These faults were numerous and I had a team of girls doing nothing but rectify them after I had discovered the cause of the problems. On average, some 25 sets passed through my hands each day. At that time the working day was from 8.00am to 6.00pm with a break at lunch-time. We worked a six-day week, having Saturday off one week and Sunday off the next.
For a short period I wa a member of the Home Guard (formerly known as the Local Defence Volunteers (or L.D.V.) - and many years after the war had ended - as "Dad's Army"). After a full day's work I didn't take too kindly to being marched up and down, trying to master the dreadful Sten gun (just spot-welded together!) and being shouted and screamed at by probably well-meaning NCOs. The only satisfaction I had at that time was that I was the only member of the group with a knowledge of the Morse code. However, this did not go down very well with the NCOs!

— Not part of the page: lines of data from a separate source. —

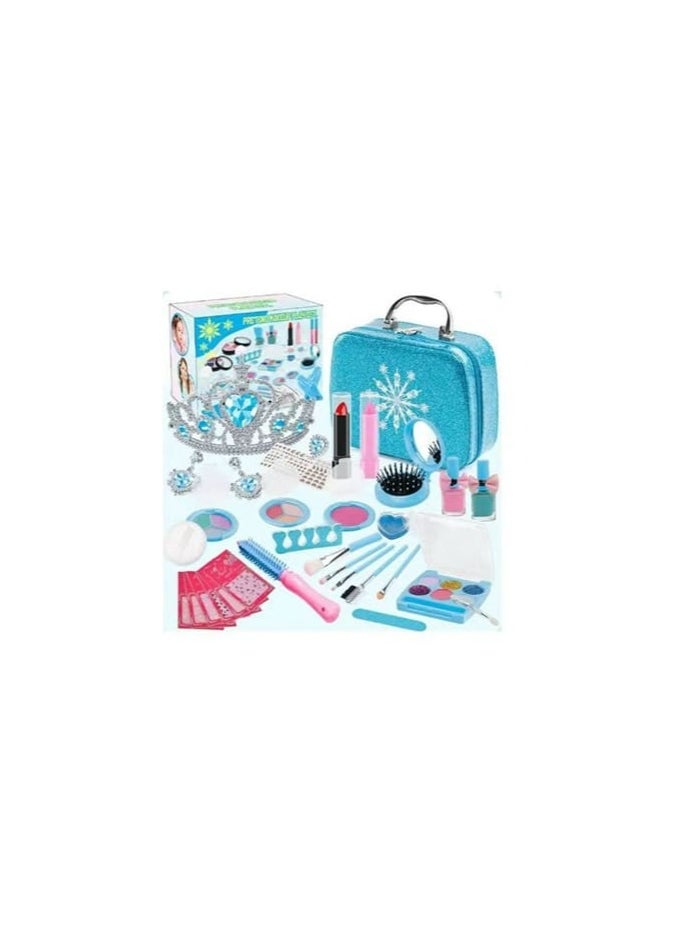 BLOOMING TIME Kids Makeup Kit for Girl, 25 Pcs Real Washable Makeup for Kids, Non-Toxic Frozen Makeup Set Cosmetic Toys for Little Girls Age 4 5 6 7 8 Year Old  - Image 1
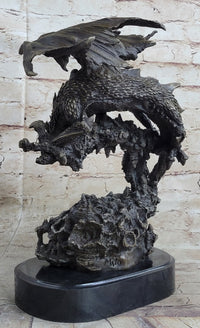 Signed Original Mythical Flying Dragon Bronze Sculpture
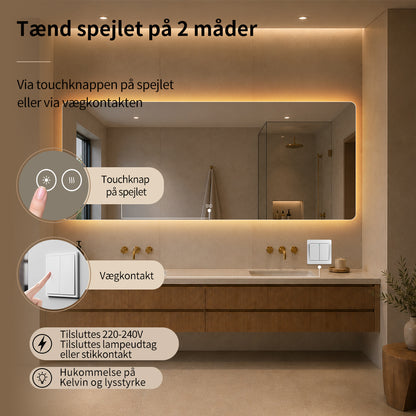 Rektangulært Spejl med LED-Lys og Antidug 200x80 cm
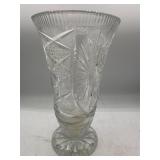 Vintage crystal trumpet vase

A colleague of mine at work had been an amateur radio operator before the war, and he and I often discussed radio and the use of Morse code. One day he asked me what my Morse reading speed was. "Don't know", I replied, "I've never tried to use it". So, for the next few weeks, during the lunch breaks, I had tuition in the art of reading the code and writing down text he sent to me in Morse from the daily newspaper.

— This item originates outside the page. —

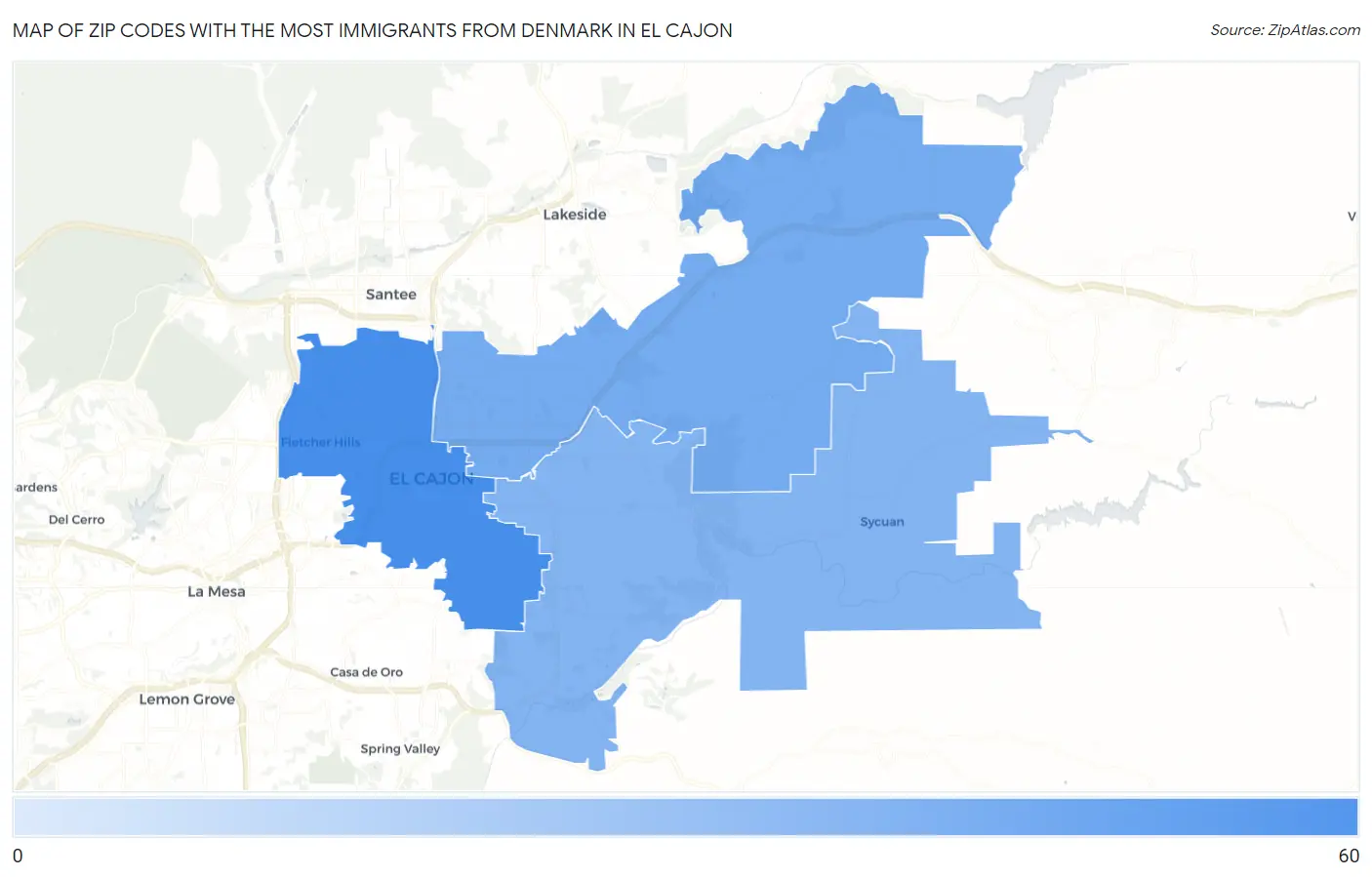 Zip Codes with the Most Immigrants from Denmark in El Cajon Map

Finally I could copy some 18 words per minute using block capital letters. He said that perhaps I could assist the war effort in some better way, in my spare time, rather than being a somewhat reluctant part-time soldier. "How?" I asked, but got no reply at all - except "Wait and see".
However, some time later (on one of my Saturday's off) there appeared at the front door a bowler hat, rolled up umbrella and a dark suit - a figure of authority - asking for me! My parents were agog! (what had I been up to?). In those days the front room, or parlour, was only used for special occasions and that was where we talked. First, he said, I must sign this 'bit of paper' - "The Official Secrets Act". This scared me - what had I let myself in for? Questions about where my parents and grandparents were born followed, and then I was asked about my politcal opinions. Anyway, he said nothing about where he was from -
I could only guess!
The next day (Sunday) I went to work, and of course first thing, found my radio friend and related what had happened. "That's what I expected would happen at some time" was all I got out of him. Still none the wiser! A few weeks later I received a parcel through the post which included a letter telling me that I had been accepted as a member of the Radio Security Service (RSS) and that I was now a Voluntary Interceptor (VI). My work would be General Search (GS) and I had been allocated the part of the radio spectrum between 7.0 and 7.5 Mc/s (now MHz) to monitor, listening for any Morse code signals. There were also several pads of 'SIGNALS HEARD' log sheets which had columns for writng in the date, time, frequency, callsign and any text sent from any received signals. Also, there were some pads of 'MESSAGE FORM' sheets which had provision for writing the text of the actual message intercepted (that is, received) by me.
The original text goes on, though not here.